● WHAT NEEDS TO BE DONE:
For the entries that follow, retype exactly the lines from the one containing "Queen Room with" to the one containing "Xu Xubaby online", inclusive, and only those. Images stay out of the copy.

● RECORDS FOR THIS EXERCISE:
# # # # #

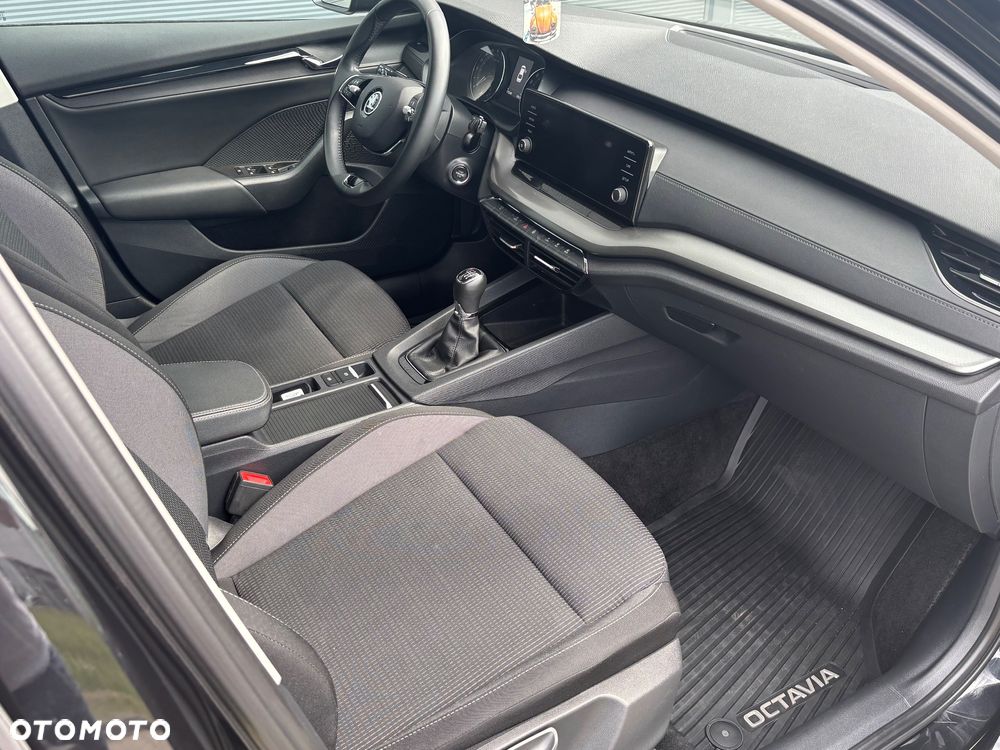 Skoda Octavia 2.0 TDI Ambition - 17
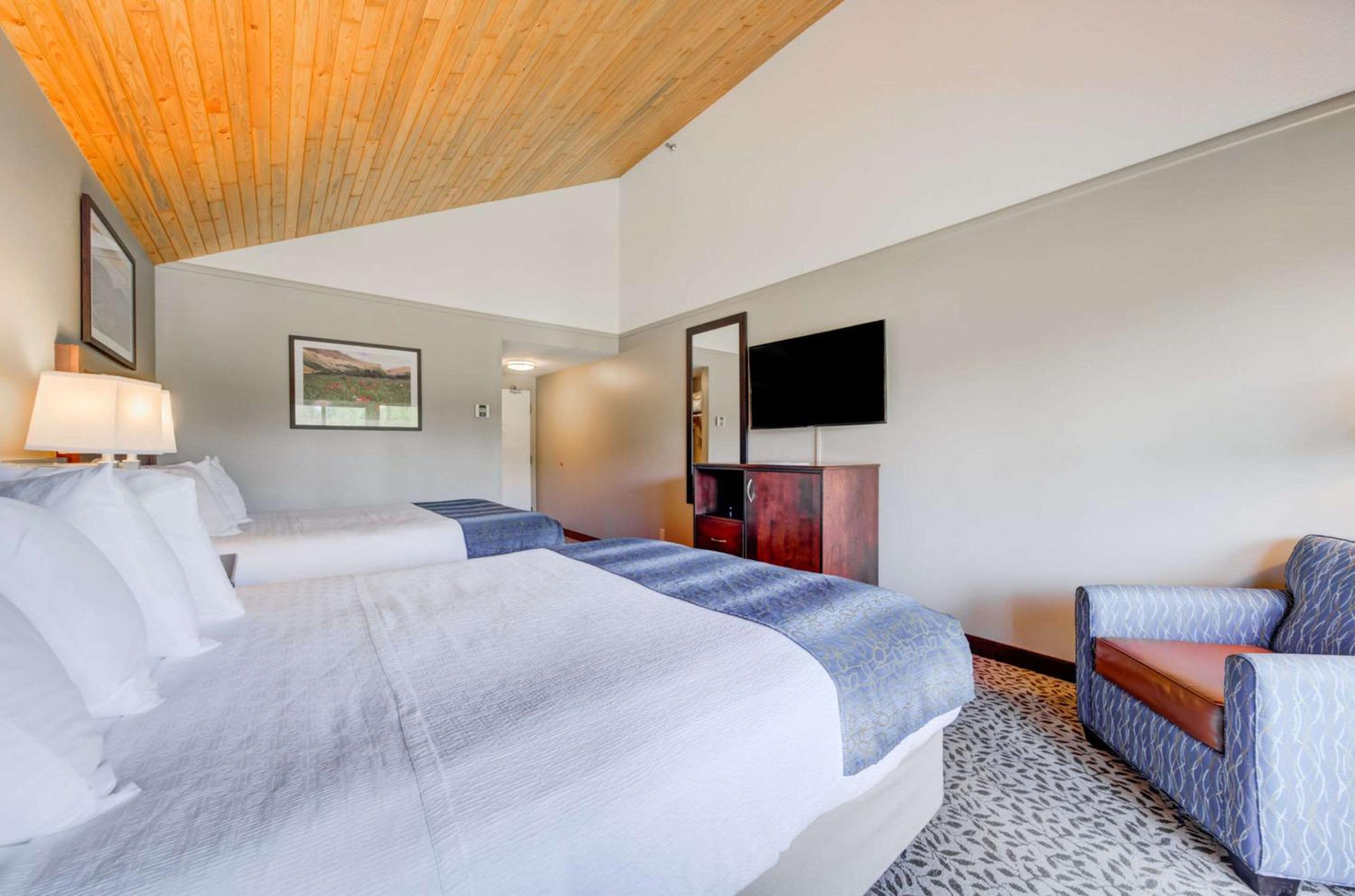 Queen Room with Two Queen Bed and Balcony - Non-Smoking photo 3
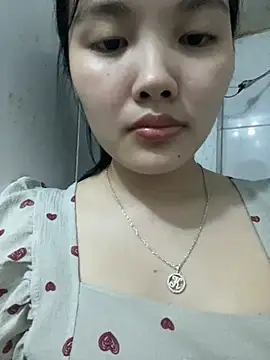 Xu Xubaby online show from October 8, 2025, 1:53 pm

# # # # #

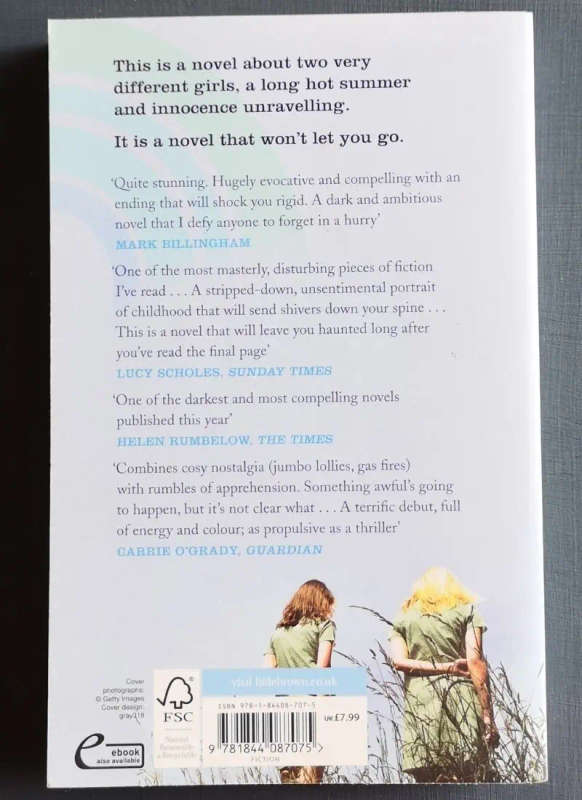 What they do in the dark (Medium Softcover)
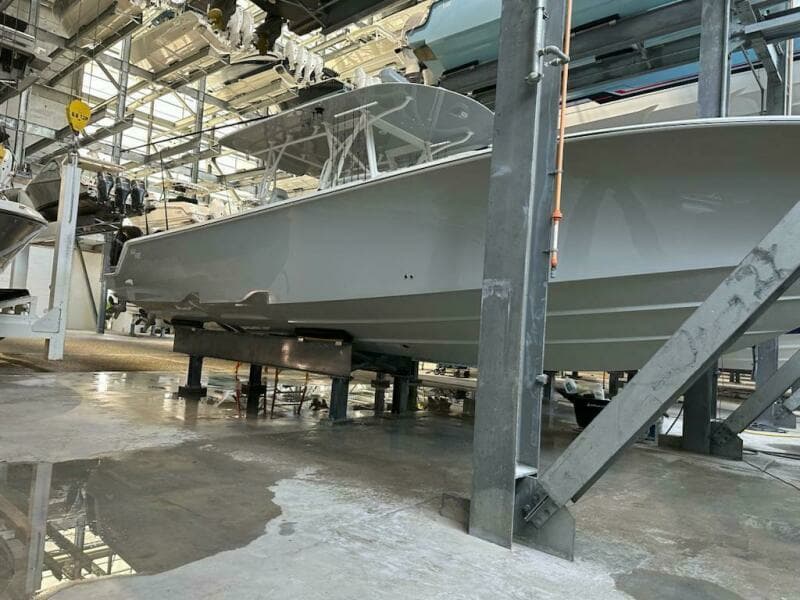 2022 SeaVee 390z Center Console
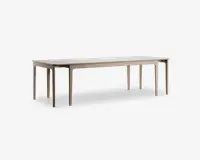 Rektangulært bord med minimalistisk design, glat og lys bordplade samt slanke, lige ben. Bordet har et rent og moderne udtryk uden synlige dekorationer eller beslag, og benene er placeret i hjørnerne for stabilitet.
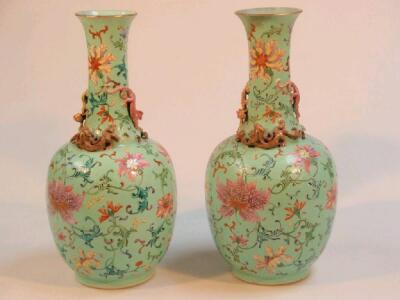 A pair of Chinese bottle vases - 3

# # # # #

● EXPECTED ANSWER:
 Queen Room with Two Queen Bed and Balcony - Non-Smoking photo 3
 Xu Xubaby online show from October 8, 2025, 1:53 pm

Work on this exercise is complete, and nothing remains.